Hong Kong: Copyright Report 2006

Last Updated: 27 March 2007
Article by Gilbert Collins

Copyright Ordinance

1. The long awaited Copyright (Amendment) Bill 2006 was gazetted on 17th March 2006 and had its’ First Reading in the Legislative Council on 29th March 2006. Some of the major proposals of the Bill are as follows:-

a. The business end-user criminal liability for the use of infringing copies of copyright works in respect of computer programmes, movies, television dramas and musical recordings will be made permanent.

b. A new business end-user criminal offence of " making for distribution or distributing infringing copies of a book, a magazine, a periodical or a newspaper on a regular or frequent basis ". Educational establishments which are non-profit making and subvented by the Government are exempted. There are also statutory defences which are (i) the user made request for a licence but failed to receive a timely response; (ii) the user could not obtain commercially available copies and could not obtain a licence on reasonable commercial terms; and (iii) the user did not know that the copies he made or distributed infringed copyright.

c. Where a company or partnership commits an act which constitutes a business end user criminal offence its’ Directors or partners who are responsible for internal management of the company or partnership can be prosecuted. In the absence of such a director or partner, any persons under the direct authority of the director or partner and is responsible for the internal management can be prosecuted.

d. It is proposed that professionals such as lawyers and persons providing investigation services will be exempted from the business end-user possession criminal liability.
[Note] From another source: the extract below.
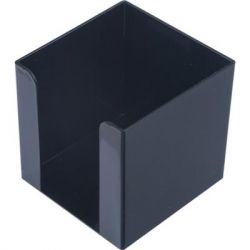 Подставка-куб для писем и бумаг BUROMAX 90х90х90мм, черный (83033)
A statutory defence will also be available to employees who were not in a position to make or influence a decision regarding the acquisition of the infringing copy of a copyright work.

e. The controversial words "in connection with" will be deleted from the phrase "for the purpose of, in connection with, any trade or business" throughout the whole of the Copyright Ordinance so that activities incidental to or marginally related to business will not attract any civil or criminal liability.
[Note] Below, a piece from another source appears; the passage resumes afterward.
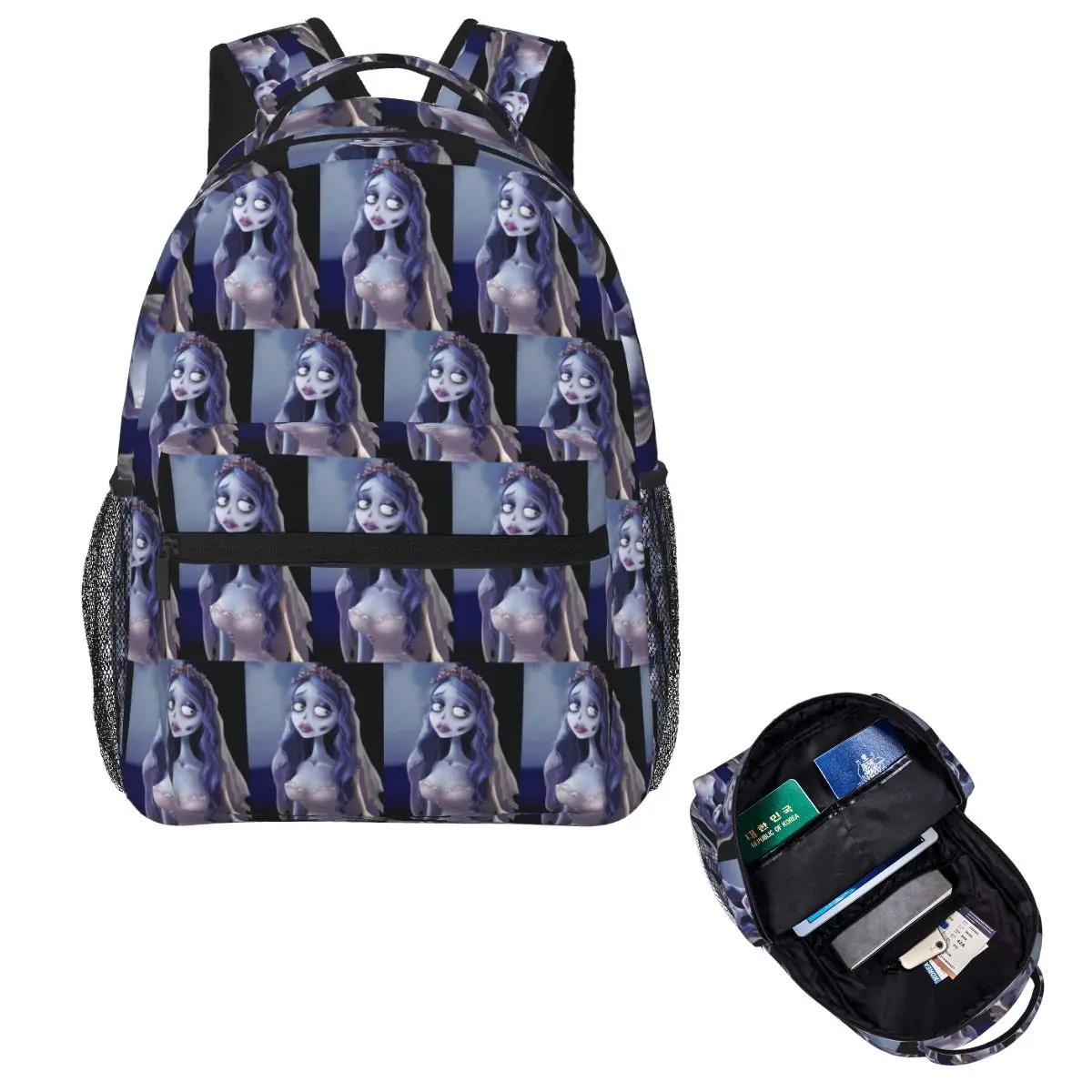 

Emily The Corpse Bride Student Backpack School Bag Hiking Travel Daypack for Men Women Fashion Bookbag Shoulder Bags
f. It will be a criminal offence for any person to be engaged in commercial dealing of circumvention tools or provide circumvention services in a circumvention business. There will also be civil remedies against any person who deals in circumvention tools or provides circumvention services and such activities do not have to be in a commercial context.

g. Copyright owners will be able to take action against any persons who offers films or comic books for commercial rental to the public without the consent of the copyright owner.

h. The criminal liability period for commercially dealing in or importing any parallel imported copyright work (except computer program) will be shortened from 18 months to 9 months. The civil and criminal liability for importation and possession of parallel imported copies of copyright works by business end-users is proposed to be abolished except in respect of movies, TV dramas, musical sound recordings, and musical visual recordings acquired for playing or showing in public.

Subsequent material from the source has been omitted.